(Brief) Make a verbatim copy of all the records.

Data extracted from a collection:
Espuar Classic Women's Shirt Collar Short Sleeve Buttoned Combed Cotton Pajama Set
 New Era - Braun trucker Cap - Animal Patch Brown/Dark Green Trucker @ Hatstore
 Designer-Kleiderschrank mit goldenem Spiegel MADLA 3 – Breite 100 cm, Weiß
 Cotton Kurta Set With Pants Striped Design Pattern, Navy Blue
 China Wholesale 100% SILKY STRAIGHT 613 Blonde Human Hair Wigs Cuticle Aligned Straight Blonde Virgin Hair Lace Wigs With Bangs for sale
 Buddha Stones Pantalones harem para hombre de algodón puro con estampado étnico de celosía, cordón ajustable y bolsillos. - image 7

(Result for this task)
Espuar Classic Women's Shirt Collar Short Sleeve Buttoned Combed Cotton Pajama Set
 New Era - Braun trucker Cap - Animal Patch Brown/Dark Green Trucker @ Hatstore
 Designer-Kleiderschrank mit goldenem Spiegel MADLA 3 – Breite 100 cm, Weiß
 Cotton Kurta Set With Pants Striped Design Pattern, Navy Blue
 China Wholesale 100% SILKY STRAIGHT 613 Blonde Human Hair Wigs Cuticle Aligned Straight Blonde Virgin Hair Lace Wigs With Bangs for sale
 Buddha Stones Pantalones harem para hombre de algodón puro con estampado étnico de celosía, cordón ajustable y bolsillos. - image 7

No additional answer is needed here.